Dhalla Mandeep S, Desai Uday R, Gandolfo Cristian
Department of Ophthalmology, Henry Ford Hospital, Detroit, Michigan 48202, USA.
Ophthalmic Surg Lasers Imaging. 2006 May-Jun;37(3):244-6. doi: 10.3928/15428877-20060501-12.

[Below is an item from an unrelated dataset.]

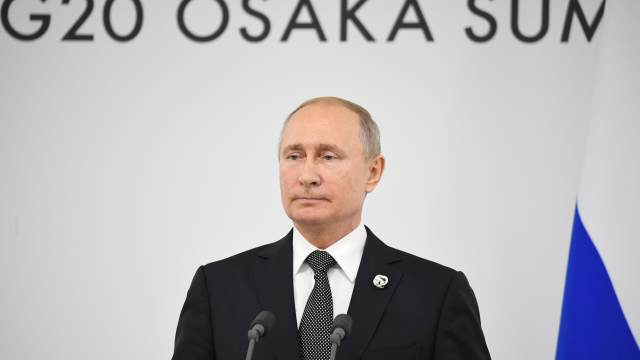 Путин отвърна на Елтън Джон, който защити гейовете и мигрантите (ВИДЕО)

To determine whether prone postoperative near visual acuity following macular hole surgery can be used as a reliable indicator of successful hole closure, data from 21 patients undergoing macular hole surgery were collected. Seventeen of the 18 patients with hole closure and all 3 patients with persistent macular holes had a Rosenbaum acuity better than preoperative visual acuity, yielding 94% sensitivity, 0% specificity, 85% positive predictive value, and 0% negative predictive value. Fourteen of the 18 patients with macular hole closure and all 3 patients with persistent macular holes had a Rosenbaum acuity better than 20/40, yielding 78% sensitivity, 0% specificity, 82% positive predictive value, and 0% negative predictive value. Although postoperative near visual acuity can predict macular hole closure with 94% sensitivity, the test is not clinically useful to predict hole closure because of the high surgical success rate of macular hole surgery. The test could be useful in encouraging patients to maintain head prone positioning and alleviate patient anxiety.
为了确定黄斑裂孔手术后俯卧位时的近视力是否可作为裂孔成功闭合的可靠指标,收集了21例行黄斑裂孔手术患者的数据。18例裂孔闭合患者中的17例以及所有3例持续性黄斑裂孔患者的罗森鲍姆视力均优于术前视力,敏感性为94%,特异性为0%,阳性预测值为85%,阴性预测值为0%。18例黄斑裂孔闭合患者中的14例以及所有3例持续性黄斑裂孔患者的罗森鲍姆视力优于20/40,敏感性为78%,特异性为0%,阳性预测值为82%,阴性预测值为0%。虽然术后近视力预测黄斑裂孔闭合的敏感性为94%,但由于黄斑裂孔手术的成功率较高,该检查对预测裂孔闭合在临床上并无用处。该检查可能有助于鼓励患者保持俯卧位并减轻患者焦虑。